Une seconde attaque meurtrière deux semaines plus tard
Le 13 octobre, une nouvelle opération a visé le village de Balle, situé à environ 55 kilomètres de Kamona. Des soldats à bord de cinq pick-ups et des miliciens dozos à moto ont fait irruption dans la localité, provoquant la fuite de nombreux habitants. Un jeune homme de 24 ans a raconté : « Lorsque j’ai vu les soldats faire du porte-à-porte et maltraiter les hommes, je me suis enfui. Depuis ma cachette, j’ai entendu des coups de feu. »
Les assaillants ont tué neuf hommes et une femme de 55 ans, tout en s’emparant d’une centaine de têtes de bétail. Les corps, retrouvés au centre du village, présentaient des blessures graves : « Certains avaient les jambes et les bras cassés. » selon un habitant de 33 ans. La fille de la victime féminine a témoigné : « Elle s’est dirigée vers les soldats pour les accuser de maltraiter les villageois. Ils l’ont alors emmenée là où les hommes avaient été rassemblés et l’ont abattue. »
Un contexte de tensions accrues et d’impunité
Ces attaques surviennent dans un climat de tensions exacerbées par les offensives du GSIM, qui a notamment ciblé l’usine sucrière de Siribala en août. Depuis 2012, les conflits armés au Mali ont causé la mort de milliers de civils et déplacé plus de 400 000 personnes. Les forces armées maliennes et leurs milices alliées sont régulièrement accusées d’exactions, tout comme les groupes armés islamistes.
Les villageois de Balle, sous contrôle du GSIM depuis des années, ont expliqué payer une zakat annuelle aux djihadistes pour régler les conflits locaux. « L’armée ne fait pas de distinction entre eux et nous. Elle présume que nous sommes des combattants du GSIM. » a déclaré un habitant. Le chef d’État-Major des Armées du Mali a, quant à lui, affirmé que l’opération du 13 octobre avait permis de « neutraliser une vingtaine de terroristes », une version contestée par les populations locales.
Des crimes de guerre et une réponse internationale insuffisante
Le droit international humanitaire interdit formellement les attaques contre les civils, ainsi que les meurtres et traitements cruels. Malgré le retrait du Mali de la Cour pénale internationale (CPI) en septembre 2025, le pays reste sous la juridiction de cette instance jusqu’en 2026. Une enquête avait été ouverte en 2013 pour crimes de guerre présumés.

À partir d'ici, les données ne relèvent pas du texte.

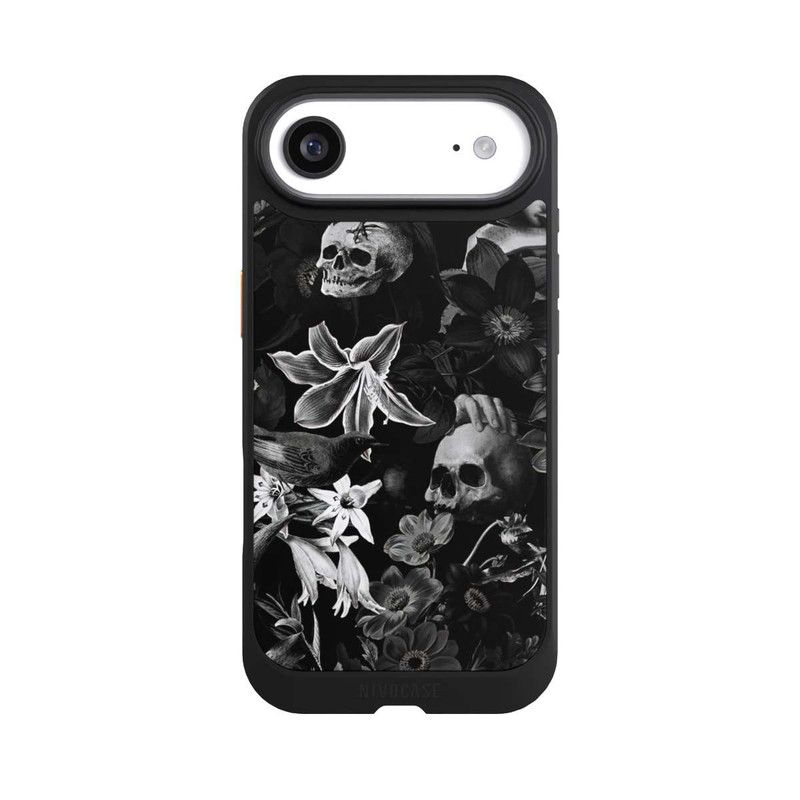 iPhone Air NIVOcore Totenköpfe und Blumen auf schwarzem Hintergrund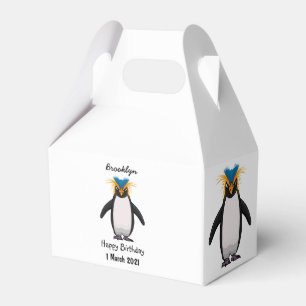 Cute macaroni penguin cartoon illustration favor box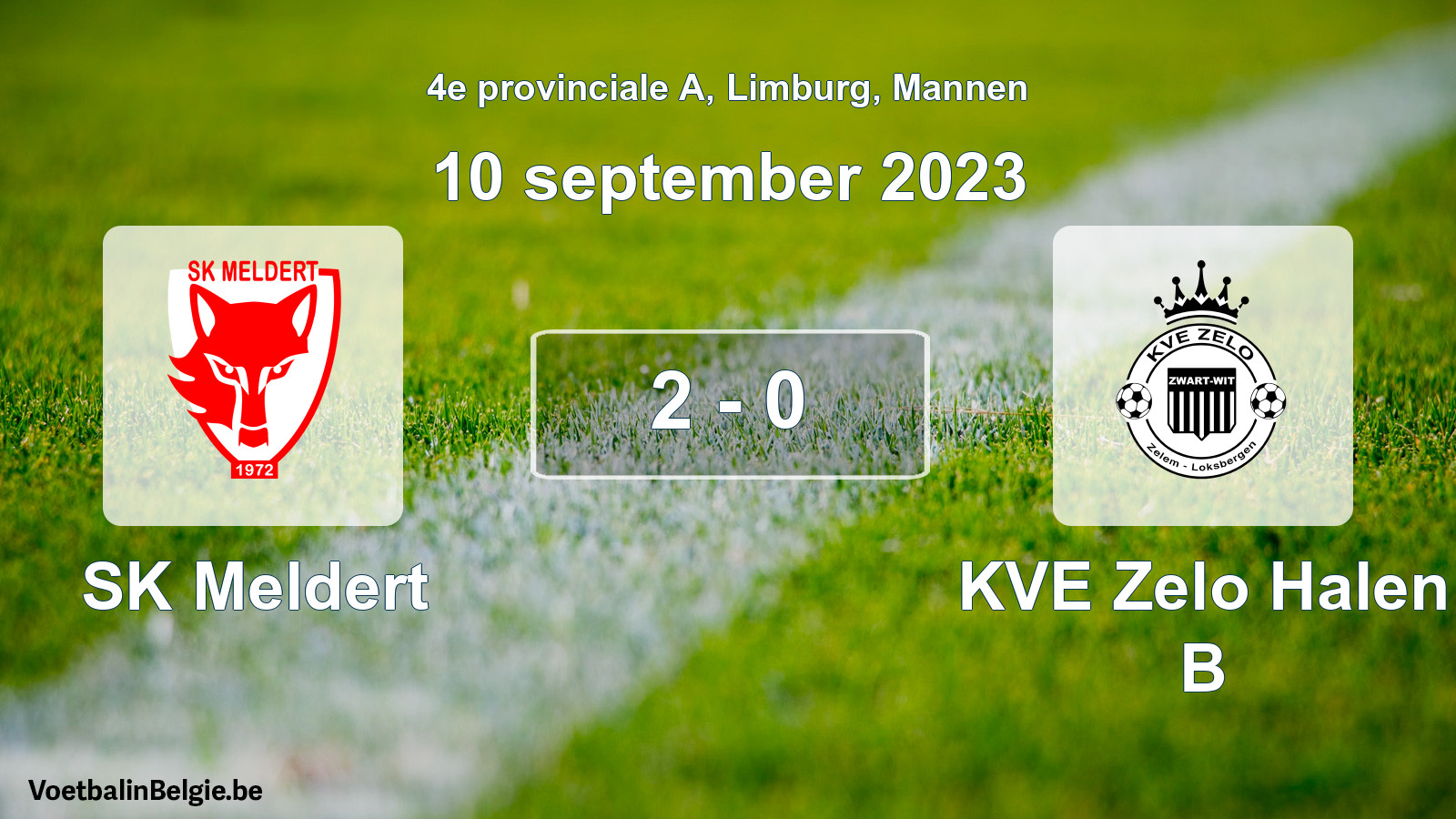 Gespeelde wedstrijd mannenvoetbal: SK Meldert - KVE Zelo Halen B 2 - 0 (10 september 2023)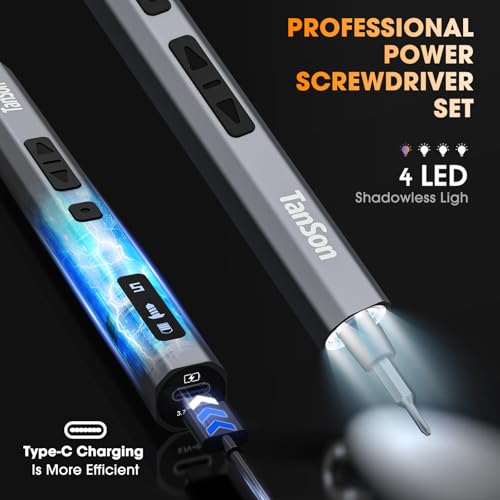 TanSon Mini Electric Screwdriver, 66 IN 1 Small Precision Screwdriver Set - color: 66 Grey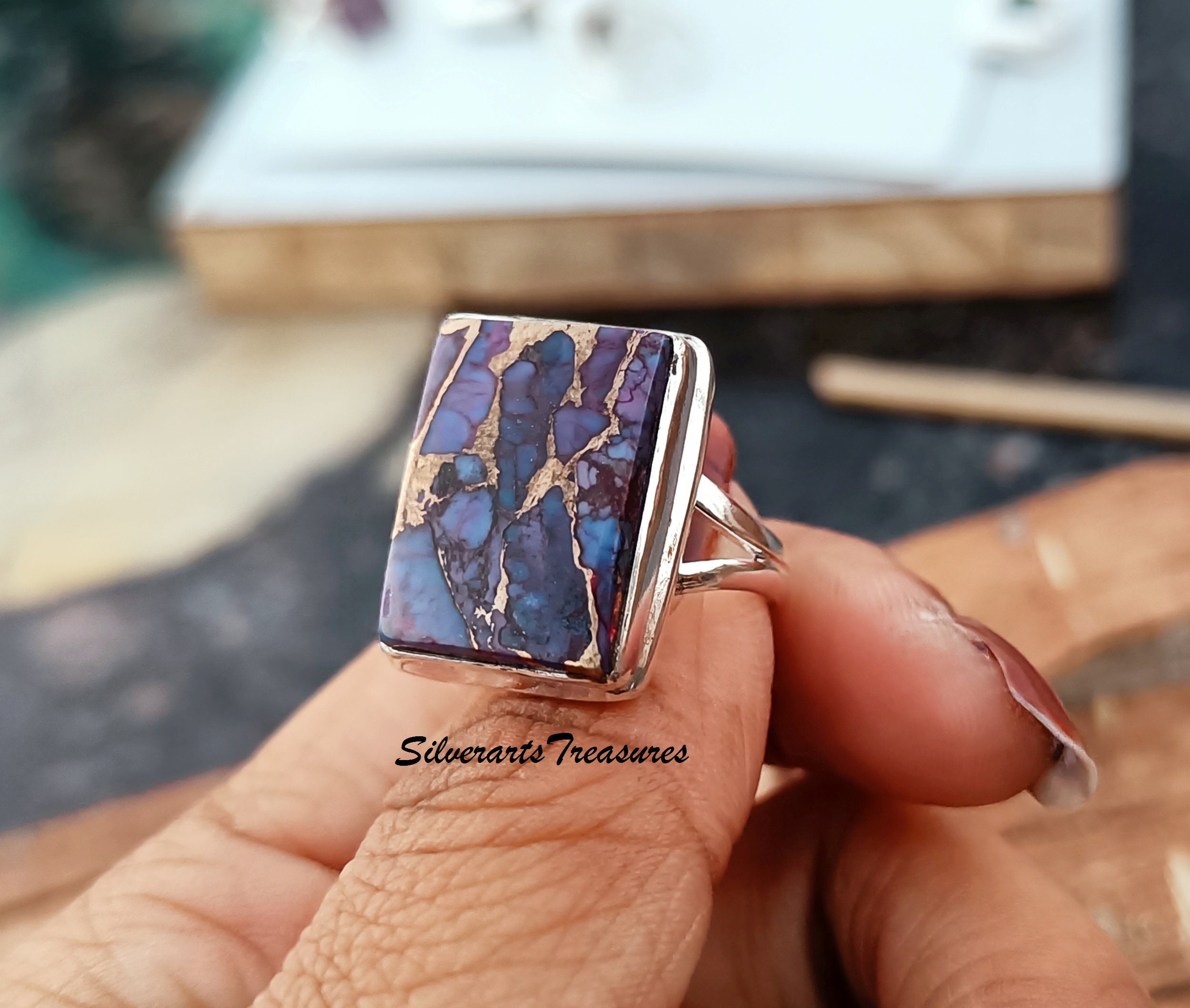 Handmade 925 Sterling Silver Ring With Natural Oyster Turquoise Gemstone - Size MO340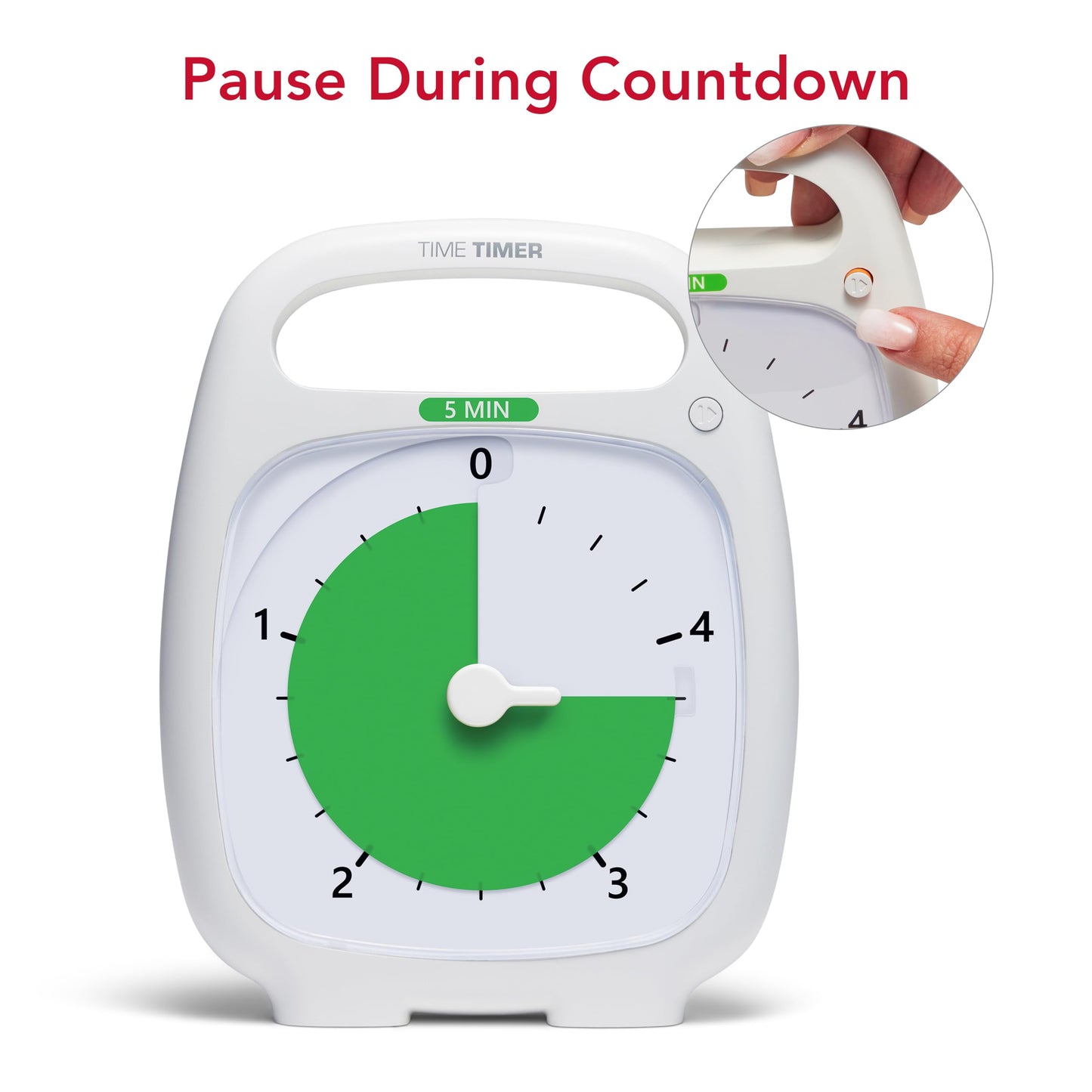 TIME TIMER PLUS 5 Minute Desk Visual Timer - Countdown Timer with Portable Handle for Classroom, Office, Homeschooling, Study Tool with Silent Operation (White)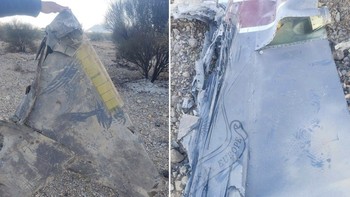 Media pemerintah Iran merilis gambar sirip ekor dan puing lainnya disertai klaim awal bahwa sebuah F-35 AS terkena sistem pertahanan udara baru di wilayah tengah Iran dan pilotnya kemungkinan tewas. Pakar penerbangan mengatakan puing itu sebenarnya berasal dari F-15E, dari skadron ke-494 AU AS yang berbasis di RAF Lakenheath di Inggris. Foto: Guardian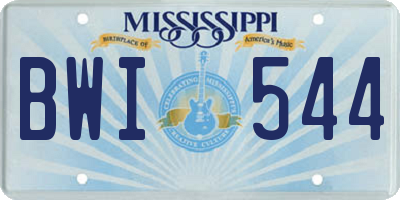 MS license plate BWI544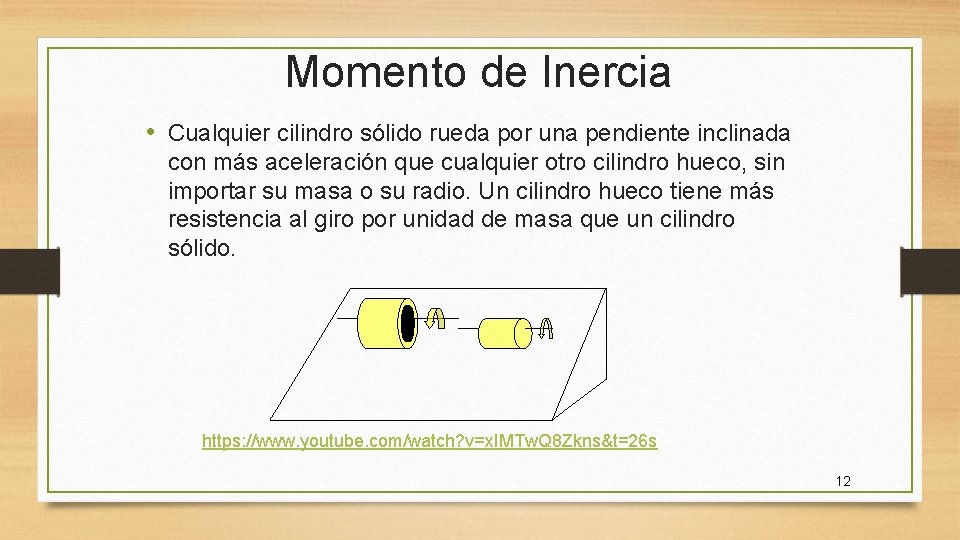 Momento de Inercia • Cualquier cilindro sólido rueda por una pendiente inclinada con más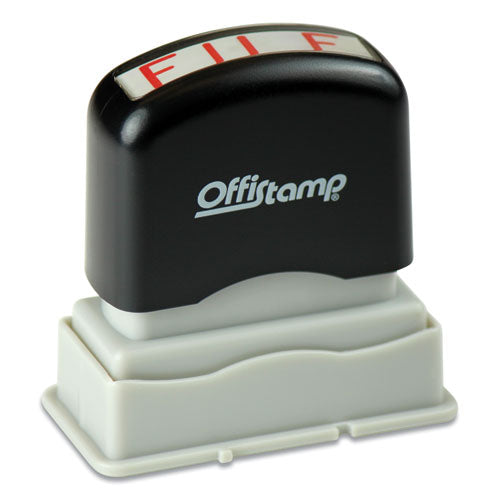 Image of Offistamp® Pre-Inked Message Stamp, File, 1.63" X 0.38", Red Ink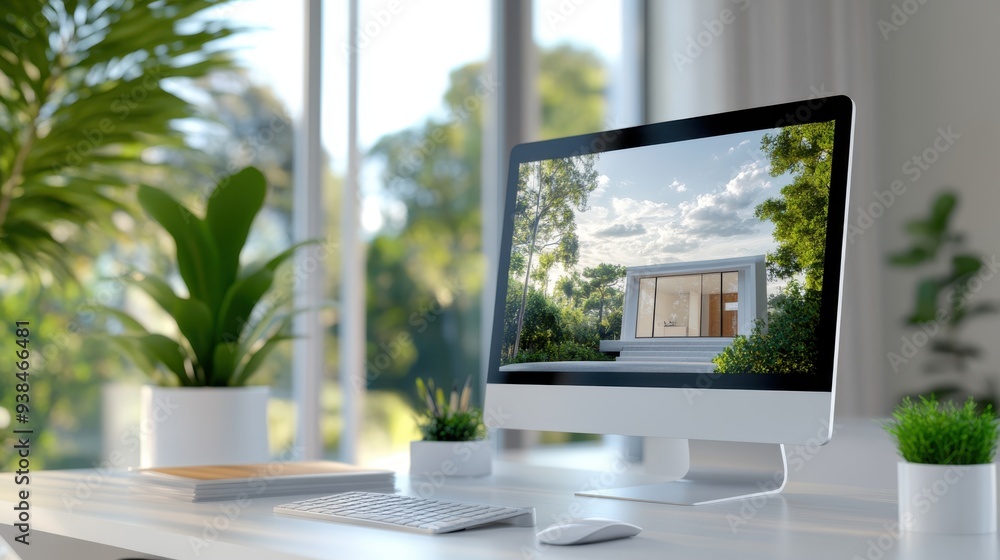 Aufkleber a contemporary workspace with a sleek computer placed on a desk surrounded by greenery and large win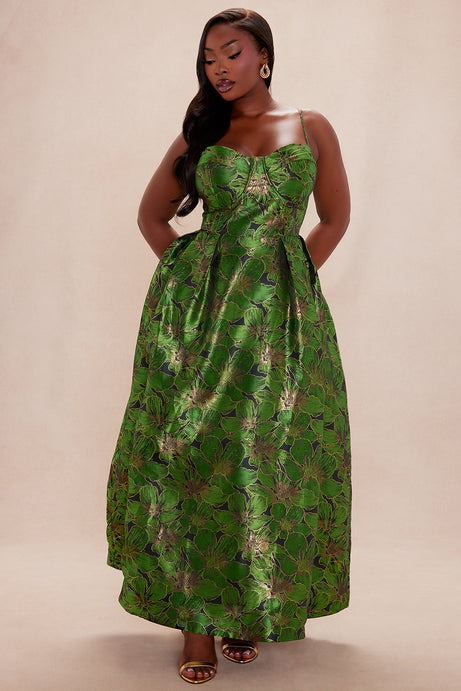 Jessica Jacquard Midi Dress - Green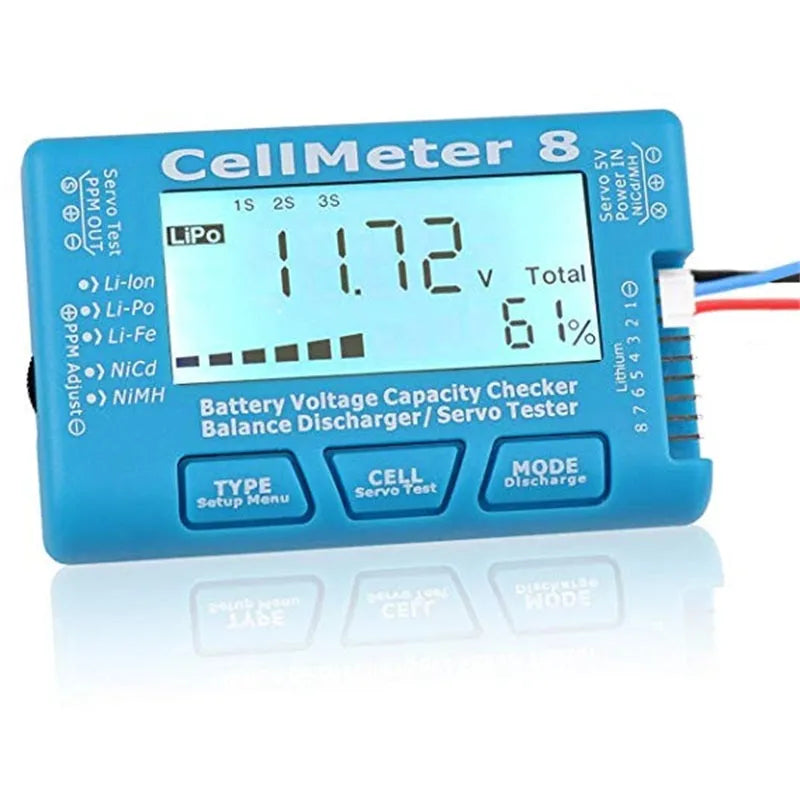 Digital RC Battery Capacity Tester - Voltage Checker & Balance Discharge with Servo Tester for LiPo NiMH Batteries | Perfect for RC Cars, Drones, and Hobby Electronics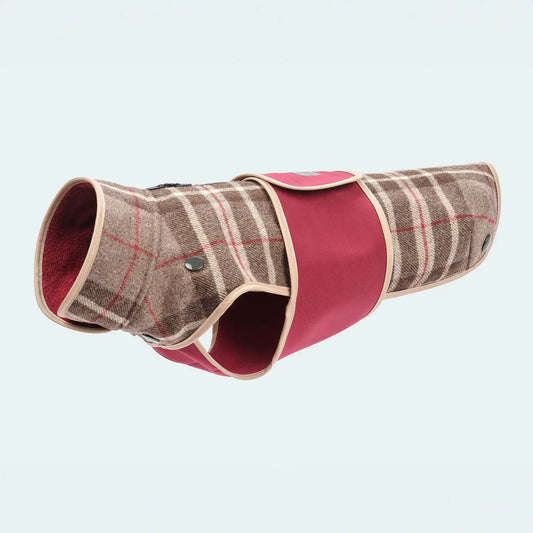 Lodenmantel aus Wolle - Softshell Glencheck braun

L’Union africaine (UA), bien que mandatée pour promouvoir la paix et la sécurité, n’a jusqu’à présent pris que des mesures symboliques face à l’escalade de la violence. Human Rights Watch a appelé le Conseil de paix et de sécurité de l’UA à faire de ce conflit une priorité, en renforçant les efforts diplomatiques et en coordonnant les actions régionales pour garantir la reddition des comptes.
Ces massacres rappellent l’urgence d’une réponse internationale coordonnée, alors que le Mali fait face à une crise humanitaire et sécuritaire sans précédent. La communauté internationale reste en attente de mesures concrètes pour mettre fin à l’impunité et protéger les populations civiles.